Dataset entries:
################
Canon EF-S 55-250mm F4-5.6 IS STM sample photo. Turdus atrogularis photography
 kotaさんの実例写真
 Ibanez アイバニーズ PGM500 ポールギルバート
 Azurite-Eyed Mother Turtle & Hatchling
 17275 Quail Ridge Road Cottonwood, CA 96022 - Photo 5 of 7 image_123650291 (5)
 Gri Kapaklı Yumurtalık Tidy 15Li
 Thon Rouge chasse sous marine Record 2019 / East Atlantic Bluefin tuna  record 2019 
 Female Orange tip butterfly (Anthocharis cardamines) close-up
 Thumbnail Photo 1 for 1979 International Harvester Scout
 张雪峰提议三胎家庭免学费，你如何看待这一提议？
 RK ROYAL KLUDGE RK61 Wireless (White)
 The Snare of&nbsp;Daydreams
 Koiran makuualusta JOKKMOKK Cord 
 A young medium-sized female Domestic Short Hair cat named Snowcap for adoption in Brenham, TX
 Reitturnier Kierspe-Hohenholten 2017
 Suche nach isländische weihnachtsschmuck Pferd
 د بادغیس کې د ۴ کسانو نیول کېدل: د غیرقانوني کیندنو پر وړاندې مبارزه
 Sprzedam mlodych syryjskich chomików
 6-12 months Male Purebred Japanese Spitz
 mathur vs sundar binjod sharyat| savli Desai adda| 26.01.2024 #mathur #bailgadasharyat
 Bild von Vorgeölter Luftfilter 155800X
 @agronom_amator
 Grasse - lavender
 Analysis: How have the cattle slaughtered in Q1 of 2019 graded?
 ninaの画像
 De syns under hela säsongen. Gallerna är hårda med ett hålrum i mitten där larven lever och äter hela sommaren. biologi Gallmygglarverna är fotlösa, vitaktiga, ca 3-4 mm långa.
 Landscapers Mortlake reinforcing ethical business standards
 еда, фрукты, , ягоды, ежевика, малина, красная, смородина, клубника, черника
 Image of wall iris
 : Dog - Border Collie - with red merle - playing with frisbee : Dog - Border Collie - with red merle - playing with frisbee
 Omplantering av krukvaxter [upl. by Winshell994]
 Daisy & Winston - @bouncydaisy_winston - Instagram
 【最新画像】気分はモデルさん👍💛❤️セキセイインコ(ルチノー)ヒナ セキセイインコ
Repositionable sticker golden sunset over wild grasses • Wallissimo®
################
**The problem**
Quote in full each line from the top of the records above through the line with "Grasse - lavender"; stop after that line.

**Task answer**
Canon EF-S 55-250mm F4-5.6 IS STM sample photo. Turdus atrogularis photography
 kotaさんの実例写真
 Ibanez アイバニーズ PGM500 ポールギルバート
 Azurite-Eyed Mother Turtle & Hatchling
 17275 Quail Ridge Road Cottonwood, CA 96022 - Photo 5 of 7 image_123650291 (5)
 Gri Kapaklı Yumurtalık Tidy 15Li
 Thon Rouge chasse sous marine Record 2019 / East Atlantic Bluefin tuna  record 2019 
 Female Orange tip butterfly (Anthocharis cardamines) close-up
 Thumbnail Photo 1 for 1979 International Harvester Scout
 张雪峰提议三胎家庭免学费，你如何看待这一提议？
 RK ROYAL KLUDGE RK61 Wireless (White)
 The Snare of&nbsp;Daydreams
 Koiran makuualusta JOKKMOKK Cord 
 A young medium-sized female Domestic Short Hair cat named Snowcap for adoption in Brenham, TX
 Reitturnier Kierspe-Hohenholten 2017
 Suche nach isländische weihnachtsschmuck Pferd
 د بادغیس کې د ۴ کسانو نیول کېدل: د غیرقانوني کیندنو پر وړاندې مبارزه
 Sprzedam mlodych syryjskich chomików
 6-12 months Male Purebred Japanese Spitz
 mathur vs sundar binjod sharyat| savli Desai adda| 26.01.2024 #mathur #bailgadasharyat
 Bild von Vorgeölter Luftfilter 155800X
 @agronom_amator
 Grasse - lavender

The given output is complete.